TASK DETAILS ▸ Repeat nothing but the line containing "Winter Newborn Baby" and the lines that follow it, up to and including the last line of the data below.

(Saved data entries)
┌──
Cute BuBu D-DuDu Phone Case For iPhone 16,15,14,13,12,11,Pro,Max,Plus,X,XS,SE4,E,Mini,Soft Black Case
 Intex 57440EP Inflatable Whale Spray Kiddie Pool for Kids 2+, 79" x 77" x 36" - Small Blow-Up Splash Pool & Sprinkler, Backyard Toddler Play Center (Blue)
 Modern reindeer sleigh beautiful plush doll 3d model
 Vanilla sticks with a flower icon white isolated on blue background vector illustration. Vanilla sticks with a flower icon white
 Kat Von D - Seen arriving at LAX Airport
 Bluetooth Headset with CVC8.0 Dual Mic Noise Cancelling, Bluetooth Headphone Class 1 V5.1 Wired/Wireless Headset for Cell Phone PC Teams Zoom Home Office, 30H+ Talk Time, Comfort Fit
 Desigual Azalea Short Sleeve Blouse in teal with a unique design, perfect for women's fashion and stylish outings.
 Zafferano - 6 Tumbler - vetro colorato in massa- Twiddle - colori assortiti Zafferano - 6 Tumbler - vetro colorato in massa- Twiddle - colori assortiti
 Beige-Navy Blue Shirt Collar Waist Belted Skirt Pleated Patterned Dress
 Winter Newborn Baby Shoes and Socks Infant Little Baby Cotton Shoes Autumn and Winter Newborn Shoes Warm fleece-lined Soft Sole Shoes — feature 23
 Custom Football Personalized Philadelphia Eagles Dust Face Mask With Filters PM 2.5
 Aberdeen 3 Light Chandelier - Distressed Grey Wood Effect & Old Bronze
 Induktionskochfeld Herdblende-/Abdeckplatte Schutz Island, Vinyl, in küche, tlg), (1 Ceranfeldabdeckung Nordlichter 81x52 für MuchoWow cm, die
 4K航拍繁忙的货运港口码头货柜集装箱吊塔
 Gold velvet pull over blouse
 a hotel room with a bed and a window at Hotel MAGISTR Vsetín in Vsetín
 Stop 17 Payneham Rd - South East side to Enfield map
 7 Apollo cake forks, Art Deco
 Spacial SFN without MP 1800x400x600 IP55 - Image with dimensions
└──
TASK OUTPUT ▸
 Winter Newborn Baby Shoes and Socks Infant Little Baby Cotton Shoes Autumn and Winter Newborn Shoes Warm fleece-lined Soft Sole Shoes — feature 23
 Custom Football Personalized Philadelphia Eagles Dust Face Mask With Filters PM 2.5
 Aberdeen 3 Light Chandelier - Distressed Grey Wood Effect & Old Bronze
 Induktionskochfeld Herdblende-/Abdeckplatte Schutz Island, Vinyl, in küche, tlg), (1 Ceranfeldabdeckung Nordlichter 81x52 für MuchoWow cm, die
 4K航拍繁忙的货运港口码头货柜集装箱吊塔
 Gold velvet pull over blouse
 a hotel room with a bed and a window at Hotel MAGISTR Vsetín in Vsetín
 Stop 17 Payneham Rd - South East side to Enfield map
 7 Apollo cake forks, Art Deco
 Spacial SFN without MP 1800x400x600 IP55 - Image with dimensions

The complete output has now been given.